Come the second encore, the Gypsies’ ranks had been swelled by one Bruce Dickinson who jammed on (yes, you guessed it . . . ) ‘Rock Me Baby’, the premature ending of which took the singer completely by surprise. Then, out of the confusion and a quick conference, amidst scenes hitherto unknown in darkest Barnet, Bernie launched into a very familiar intro . . . ‘Smoke On The Water’. “A number by Black Sabbath, “quipped Bruce and off they went. Sheesh! What a crazy night.



1988

Bernie Torme’s Russian Hippies – Stairways, Birkenhead

Bernie Torme used to be a guitar hero during his days as a member of Gillan. Remember?

No, that’s the problem isn’t it? Nobody bloody remembers any more, except Bernie himself. Not that he rams it down your throat when you chat to him or during his stage banter. No, rememberance comes when he makes that guitar squeal for its life before bombing your brains with yet another storming riff, After 30 seconds in a concert hall with Bernie Torme you very quickly get your memory back.

And you not only get to respect the man’s playing but you’ve got to applaud his suss in picking the musicians that surround him.

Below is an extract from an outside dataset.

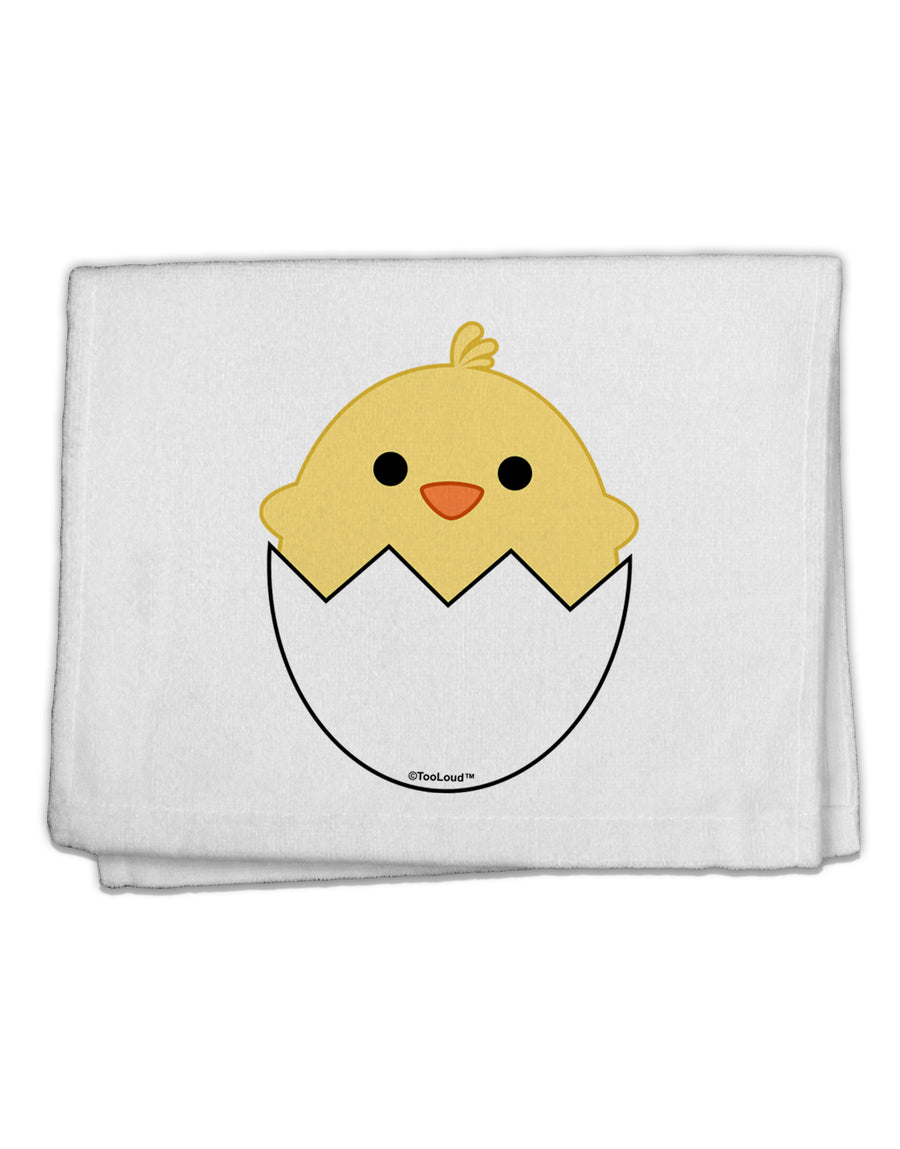 Cute Hatching Chick Design 11&#x22;x18&#x22; Dish Fingertip Towel by TooLoud-Fingertip Towel-TooLoud-White-Davson Sales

Looking more street-cred that the whole of the LA-Guns-n’-Pussycat scene put together, the Russian Hippies are more than capable of standing right up there with the hero.

Vocalist Gary Owen really impresses. He’s got a voice that can hold its own with the best LA can offer, and he’s got the looks, the pout and the stage presence that the likes of a Soho Rose would simply kill for. The rhythm section is a bit hot too: knowing each other inside out, having backed Beki

Bondage in recent times, bassist Marc Russell and skinner Ben Bennett never put a foot wrong. Good stuff.

But this is Torme’s band and the man delivers. Chopping and changing his riffs while controlling that famed feedback solo technique, he looks perhaps a little too old for the image but it doesn’t detract from the fun he’s having.

It’s a long time since I’ve seen a bloke grin so much on stage. Come to that, it’s a long time since I’ve grinned so much whilst watching a band. I’m a cynical bugger with a make-me-dance-if-you-dare attitude but I didn’t stand a cat in Hell’s chance of remaining static.

Highlights? Well, all of it really. If I’ve got to single out some toonz I’d go for ‘Boys Want Action’ and ‘Do You Wanna Be A Star’. Then again, the real highlight of the night was when the bloke down the front in the Whitesnake T-shirt joined in for the chorus of ‘Baby Was A Vampire’ and, right on cue. promptly had a nosebleed.